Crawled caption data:
——————

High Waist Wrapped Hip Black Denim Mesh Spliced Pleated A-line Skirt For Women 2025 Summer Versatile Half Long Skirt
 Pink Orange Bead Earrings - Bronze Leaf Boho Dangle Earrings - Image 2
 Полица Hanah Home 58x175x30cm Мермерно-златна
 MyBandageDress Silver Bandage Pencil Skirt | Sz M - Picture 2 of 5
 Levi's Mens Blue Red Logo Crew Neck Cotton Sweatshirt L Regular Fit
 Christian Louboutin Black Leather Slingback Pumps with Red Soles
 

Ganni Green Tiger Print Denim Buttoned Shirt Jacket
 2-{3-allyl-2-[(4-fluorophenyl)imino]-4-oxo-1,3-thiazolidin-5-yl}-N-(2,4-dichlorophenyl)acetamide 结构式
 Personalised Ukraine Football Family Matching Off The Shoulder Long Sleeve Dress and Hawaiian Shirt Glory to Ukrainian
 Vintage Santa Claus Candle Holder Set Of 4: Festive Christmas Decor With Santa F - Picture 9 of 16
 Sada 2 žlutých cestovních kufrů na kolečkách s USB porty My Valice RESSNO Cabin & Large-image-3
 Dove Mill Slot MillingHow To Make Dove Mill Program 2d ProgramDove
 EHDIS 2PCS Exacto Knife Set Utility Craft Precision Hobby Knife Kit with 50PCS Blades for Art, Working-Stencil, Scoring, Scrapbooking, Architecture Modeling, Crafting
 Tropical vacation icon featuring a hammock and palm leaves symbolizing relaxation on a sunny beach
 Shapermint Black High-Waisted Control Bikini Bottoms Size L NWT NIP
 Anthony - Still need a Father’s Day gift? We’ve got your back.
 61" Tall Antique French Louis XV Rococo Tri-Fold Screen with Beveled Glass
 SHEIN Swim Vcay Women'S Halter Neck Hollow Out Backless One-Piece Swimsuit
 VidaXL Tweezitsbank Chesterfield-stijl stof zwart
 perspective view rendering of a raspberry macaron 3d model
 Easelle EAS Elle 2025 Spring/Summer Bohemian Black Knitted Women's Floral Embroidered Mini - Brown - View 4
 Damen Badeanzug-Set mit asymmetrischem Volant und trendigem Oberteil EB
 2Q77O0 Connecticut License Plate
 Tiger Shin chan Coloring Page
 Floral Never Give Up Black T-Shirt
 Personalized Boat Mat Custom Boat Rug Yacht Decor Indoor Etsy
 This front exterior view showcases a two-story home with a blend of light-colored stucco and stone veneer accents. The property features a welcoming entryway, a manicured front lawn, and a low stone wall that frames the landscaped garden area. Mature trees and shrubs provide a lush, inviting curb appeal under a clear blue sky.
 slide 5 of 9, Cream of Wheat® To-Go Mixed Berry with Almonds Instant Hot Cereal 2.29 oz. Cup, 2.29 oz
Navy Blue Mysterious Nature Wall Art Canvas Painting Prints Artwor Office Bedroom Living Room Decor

——————

EXERCISE BRIEF: Transcribe nothing except the lines from the one with "perspective view rendering" through the end of the data above, each exactly as it appears.

EXERCISE ANSWER:
 perspective view rendering of a raspberry macaron 3d model
 Easelle EAS Elle 2025 Spring/Summer Bohemian Black Knitted Women's Floral Embroidered Mini - Brown - View 4
 Damen Badeanzug-Set mit asymmetrischem Volant und trendigem Oberteil EB
 2Q77O0 Connecticut License Plate
 Tiger Shin chan Coloring Page
 Floral Never Give Up Black T-Shirt
 Personalized Boat Mat Custom Boat Rug Yacht Decor Indoor Etsy
 This front exterior view showcases a two-story home with a blend of light-colored stucco and stone veneer accents. The property features a welcoming entryway, a manicured front lawn, and a low stone wall that frames the landscaped garden area. Mature trees and shrubs provide a lush, inviting curb appeal under a clear blue sky.
 slide 5 of 9, Cream of Wheat® To-Go Mixed Berry with Almonds Instant Hot Cereal 2.29 oz. Cup, 2.29 oz
Navy Blue Mysterious Nature Wall Art Canvas Painting Prints Artwor Office Bedroom Living Room Decor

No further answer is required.